The commercial real estate market is likely to take an even bigger hit this year and may continue its decline into 2010 due to drastic job losses, even though the market has shown only moderate declines so far, says Grubb and Ellis, a real estate and investment firm.

Declines in commercial real estate often lag as much as six months behind the economy, and companies may not have had time to react to the shrinking labor market yet, the company said in a recent report.

At the end of 2008, U.S. office vacancy rates were 14.8%, but may hit 16.5% to 17% by the end of the year. By early next year it could surpass the high of 17.9% that was set in early 2004, Grubb and Ellis predicts.

The office construction pipeline contained 90 million square feet at year-end 2008, the lion's share of which will be delivered in 2009, according to Grubb and Ellis' Investment Opportunity Monitor. This combined with a projected 45 million square feet of negative absorption, including a big jump in sublease space, will push vacancy up by two percentage points by the end of 2009. Tenants will have greater negotiating leverage this year, the report continues, with concession packages becoming more generous as the year progresses. The growing inventory of sublease space will put downward pressure on asking rental rates for direct lease space, which are expected to decline in the range of 4% to 5% for both Class A and B space by year-end.

Washington, D.C., should be at the top of office investors' buy list, according to the report, because it will benefit from the credit crisis as the government expands to implement its economic recovery plan.

The other office markets in the top 10 are Portland, Ore.; Los Angeles; San Francisco; Austin, Texas; Dallas-Fort Worth; Houston; Raleigh-Durham, N.C.; Boston; and Oakland, Calif. The Texas markets offer strong population growth, while the others offer strong population growth as well as natural barriers to entry.

Meanwhile, the industrial space market should recover more quickly than the office market because its construction pipeline will thin out sooner, says Robert Bach, senior vice president and chief economist of Grubb & Ellis. Still the vacancy rate is expected to rise by 60 basis points and reach 9.4% by the end of the year, the report says.

The multifamily market probably will see the smallest decline because some positive forces will mitigate the effect of negative ones. Apartments are seeing some new renters who have lost their homes to foreclosure, while landlords are able to maintain existing renters who are waiting for prices and mortgage rates to fall further, the report says. However, new graduates who can't find jobs are doubling up with a roommate or moving in with a relative to conserve cash. At the same time, the apartment market faces competition from an increasing supply of unsold condos and foreclosed homes returning to the market as rentals. The negative forces are expected to have a slight edge in 2009 resulting in slowly rising vacancies for the multi-housing market this year.  

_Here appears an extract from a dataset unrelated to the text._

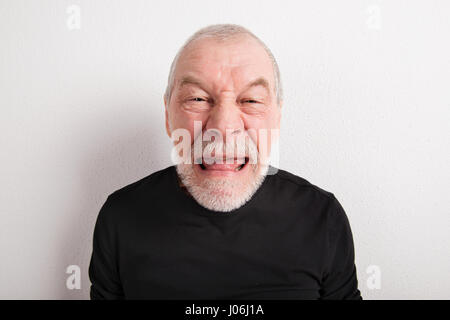 Senior uomo rendere divertente faccia, studio shot. Foto Stock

Of the top 10 apartment markets in Grubb & Ellis' Investment Opportunity Monitor, seven are on the West Coast and three are on the East Coast. All offer barriers to entry, good economic prospects and high home prices. Los Angeles ranks first followed by San Francisco; Orange County and Oakland, Calif.; Washington D.C.; San Diego; New York City; San Jose, Calif.; Long Island, N.Y.; and Portland, Ore.